The following are a few examples of updates that can be implemented:

Changing the container image to deploy a new version of the model
Changing different parameters (such as environment variables)
Changing compute resources to improve performance
Changing the number of replicas and scale plan to adapt to requirement changes and scales

During the update and until its successful completion, the service that the workload provides is not jeopardized as these are production-grade workloads. Hence, consumers can continue using the model (interact with the LLM) during the update process.

During the update process of an inference workload, a new revision of pod(s) is created.

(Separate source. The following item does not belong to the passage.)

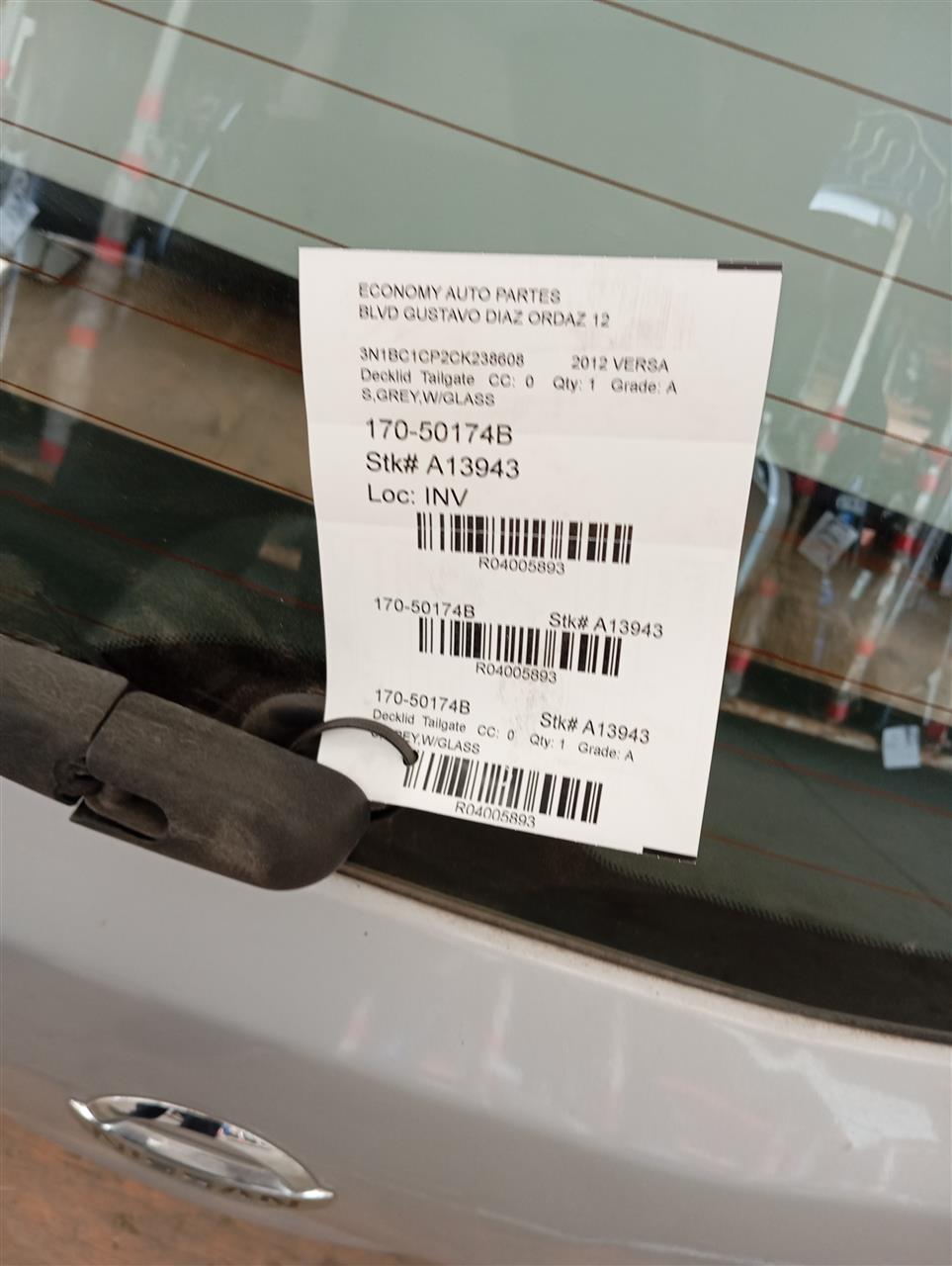 2012 Nissan VERSA Decklid  Tailgate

This revision is the new desired specification of the workload. Although several updates can be submitted consecutively even if the process of the previous update is not complete, the target goal is always according to the last submitted update. This means, the previous updates are ignored.

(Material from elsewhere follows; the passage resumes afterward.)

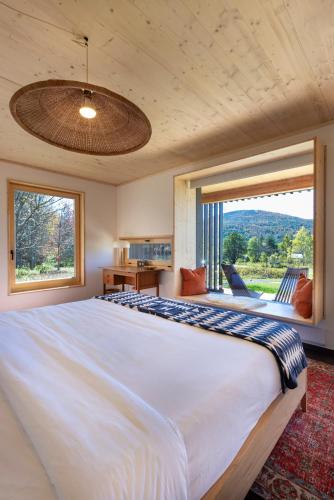 Habitación con cama extragrande y vistas a la montaña del hotel Eastwind. Foto 1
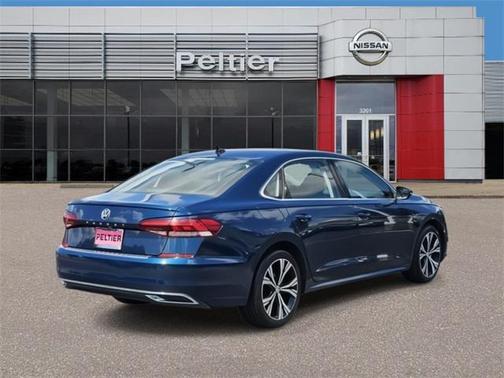 2021 Volkswagen Passat 2.0T SE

Once the new revision is created completely and is up and running, the entire traffic of requests is navigated to the new revision, the original revision is terminated and the resources are sent back to the shared pool. Only then is the update process considered complete.

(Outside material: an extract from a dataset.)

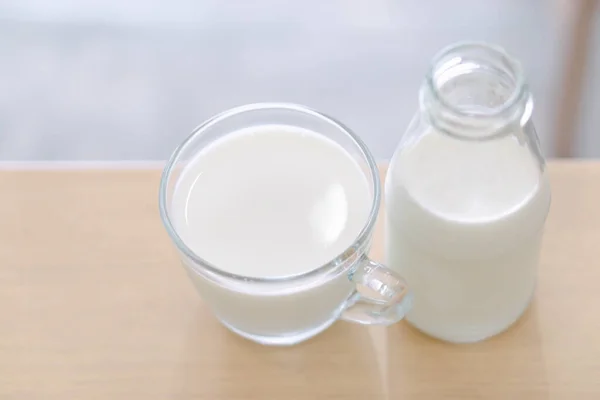 Primer Plano Vaso Botella Leche Sobre Fondo Mesa Madera Para — Foto de Stock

It is important to note that:

To finish the inference workload update successfully, the project must have sufficient free GPU quota in favor of the update. For example:
- The existing workload uses 3 replicas: A running inference workload with 3 replicas, assuming that each replica is equal to 1 GPU, means the project is already using 3 GPUs of its quota. For the sake of simplicity, we will refer to this revision as revision #1.
- The workload is updated to use 8 replicas: This means, to complete the update, an additional 8 GPUs of free quota is needed. Only when the update is complete, the 3 GPUs used for the initial revision (revision #1) are reclaimed.
In the UI, the Workloads table displays the configuration of the latest submitted update. For example, if you change the container image, the image column in the running / requested pods will display the name of updated image. The status of the workload continues to reflect the operational state of the service the workload exposes. For instance, during an update, the workload status remains "Running" if the service is still being delivered to consumers. Hovering over the workload's status in the grid will display the phase message for the update, offering additional insights into its update state.
The submission of inference updates is currently possible only via API. The following are the API fields that can be updated:
- Command
- Args
- Image
- imagePullPolicy
- workingDir
- createHomeDir
- Probes
- environmentVariables
- Autoscaling
As long as the update process is not completed, GPUs are not allocated to the replicas of the new revision. This prevents the allocation of idle GPUs so others will not be deprived using them.
If the update process is not completed within the default time limit of 10 minutes, it will automatically stop. At that point, all replicas of the new revision will be removed, and the original revision will continue to run normally.
The default time limit for updates is configurable. Consider setting a longer duration if your workload requires extended time to pull the image due to its size, if the workload takes additional time to reach a 'READY' state due to a long initialization process, or if your cluster depends on autoscaling to allocate resources for new replicas. For example, to set the time limit to 30 minutes, you can run the following command:
```
kubectl patch ConfigMap config-deployment -n knative-serving --type='merge' -p '{"data": {"progress-deadline": "1800s"}}'
```

Inference workloads with Knative new behavior in v2.19¶

Starting in version 2.19, all pods of a single Knative revision are grouped under a single Pod-Group. This means that when a new Knative revision is created:

It either succeeds in allocating the minimum number of pods; or
It fails and moves into a pending state, to retry again later to allocate all pods with their resources.

The resources (GPUs, CPUs) are not occupied by a new Knative revision until it succeeds in allocating all pods. The older revision pods are then terminated and release their resources (GPUs, CPUs) back to the cluster to be used by other workloads.